Another thing that came to mind is the different balance of costs they would face. In particular, materials being comparatively far more expensive and labour being comparatively cheap compared with the modern Western economy. Perhaps rather than using a physical system made from expensive resources, the cheapest irrigation device really would be a person with a bucket?


----------



## Rosemary Tea (Nov 18, 2021)

Slartibartfast said:


> Sounds like a fun place to write about.
> 
> In that case, one other thing to consider (if you like) is not just the availability of a technology, but its scale and application. Barrels are certainly common technology in the early post-medieval period, but their cheap, volume manufacture wasn't. Ditto ceramic building material. Depends on how much of a rabbit hole you intend to go down.
> 
> Another thing that came to mind is the different balance of costs they would face. In particular, materials being comparatively far more expensive and labour being comparatively cheap compared with the modern Western economy. Perhaps rather than using a physical system made from expensive resources, the cheapest irrigation device really would be a person with a bucket?
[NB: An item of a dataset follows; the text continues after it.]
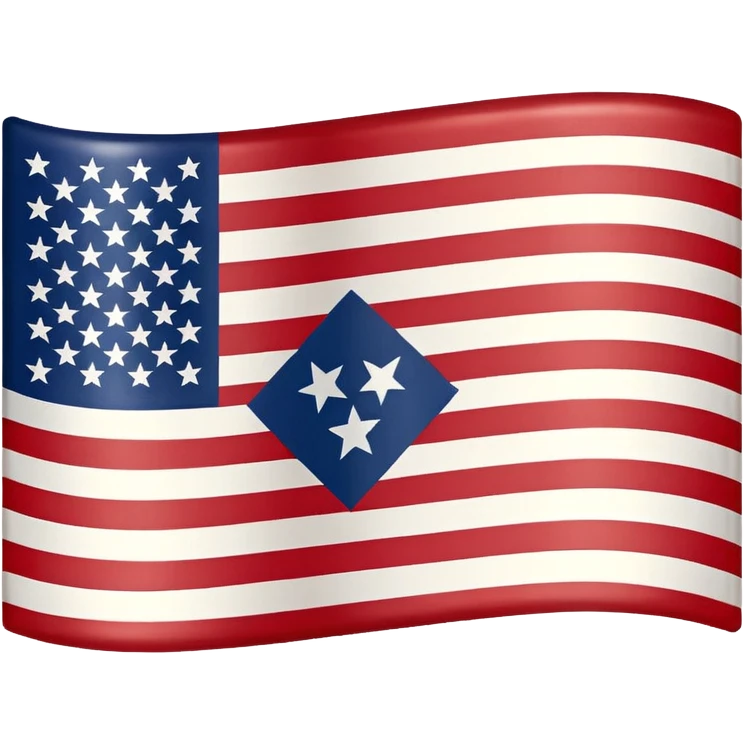 United States flag with a swastika symbol replacing the stars  emoji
There are coopers in town. Barrels wouldn't be too hard to come by.

Cheap, volume manufacture of anything wouldn't exist, you're right. But in an economy like this, everyone's an artisan, more or less. Every family's income is derived, in full or in large part, from making goods to order. Prices have to be affordable to the community, otherwise there wouldn't be any business... but then, everyone is getting paid comparably. 

And families are doing their own gardening, which has to be fit in with all the other work of making a living and running a household. Maybe there's the occasional hired helper involved, but that person would be hired as general help, not just to water the garden with a bucket. Having someone do that would be extremely cost ineffective, whether or not they get monetary pay for it.

The scenario you've raised fits more with the early industrial era, when factory made goods started undercutting the artisans. That was what really crashed the economy. That was what made labor cheaper: lots of desperate people who could no longer make a living through crafts, or who'd been farmers but lost their land. 

For artisan made barrels and bricks to be unaffordable, there would have to be something disrupting the artisan economy. In our timeline, the Industrial Revolution did that. Before that happened, artisans typically made enough to be able to afford other artisans' goods. It wasn't a problem. In fact, not buying from the other local artisans would have been a problem, because that would have been denying them support.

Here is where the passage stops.